Эд Бэнки был баскетбольным тренером в Пэнси. Старик Стрэдлейтер ходил у него в любимчиках, потому что играл центовым в команде, и Эд Бэнки всегда одалживал ему машину, когда было нужно. Брать машины преподов учащимся не разрешалось, но все козлы-спортсмены друг друга выручают. В каждой школе, куда я ходил, все козлы-спортсмены друг друга выручали.
Стрэдлейтер продолжал вести бой с тенью, обрабатывая мне плечо. В руке у него была зубная щетка, и он сунул ее в рот.
– Чем вы занимались? – сказал я. – Ты ей вставил в чертовой машине Эда Бэнки? – голос у меня ужас, как дрожал.
– Какие слова ты говоришь.
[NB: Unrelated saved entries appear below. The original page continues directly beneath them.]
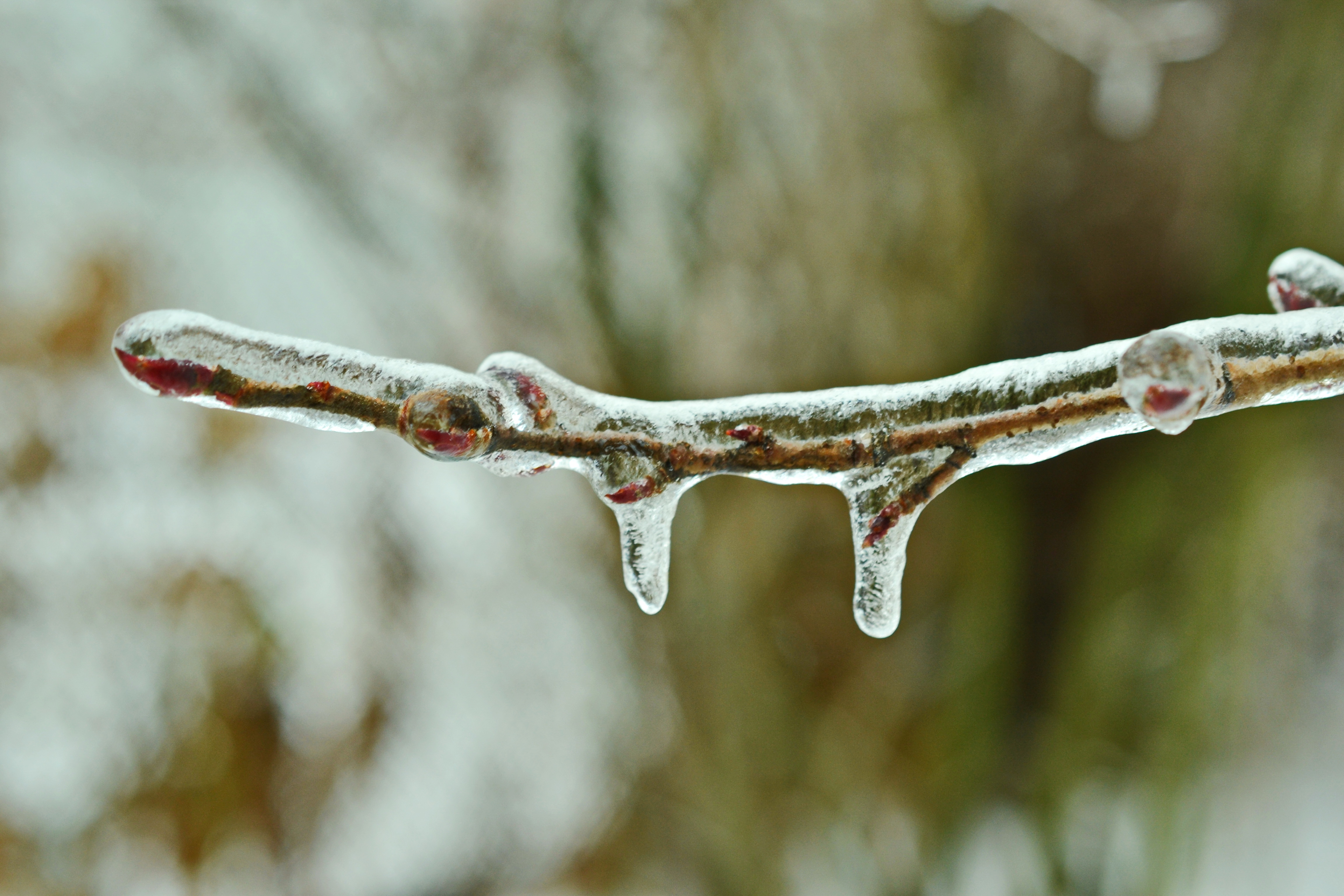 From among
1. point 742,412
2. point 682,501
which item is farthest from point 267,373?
point 682,501

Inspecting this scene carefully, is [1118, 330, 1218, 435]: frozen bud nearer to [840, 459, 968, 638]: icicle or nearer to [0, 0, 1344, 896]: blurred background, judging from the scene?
[840, 459, 968, 638]: icicle

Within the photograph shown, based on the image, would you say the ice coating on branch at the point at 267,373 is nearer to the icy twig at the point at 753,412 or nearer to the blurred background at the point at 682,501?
the icy twig at the point at 753,412

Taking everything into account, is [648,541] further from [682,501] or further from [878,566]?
[682,501]

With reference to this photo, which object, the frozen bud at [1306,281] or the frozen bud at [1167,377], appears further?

Хочешь, чтобы я тебе рот с мылом вымыл?
– Вставил?
– Это профессиональная тайна, дружок.
Как дальше было, я уже не очень помню. Я только знаю, что встал с кровати, словно собрался в уборную или вроде того, а затем попытался вмазать ему, со всей силы, аккурат по зубной щетке, чтобы она разорвала его поганую глотку. Но не попал. Не вышло, как хотел. Только задел как бы сбоку по голове или вроде того. Ему наверно было малость больно, но не настолько, как я хотел. Ему бы наверно было очень больно, но я ударил правой рукой, которой не могу сжать хороший кулак. Из-за травмы, о которой рассказывал.
Короче, дальше как было, я, блин, валялся на полу, а он сидел у меня на груди, с такой красной рожей. В смысле, поставил мне на грудь свои поганые колени, а весил он около тонны. Запястья мои он тоже держал, так что я больше не мог ему вмазать. Убил бы его.
– Да что, блин, с тобой такое? – повторял он, и его дурацкая рожа все краснела и краснела.
– Убери свои паршивые колени у меня с груди, – сказал я ему. Почти завопил. Правда. – А ну слезь с меня, козел поганый.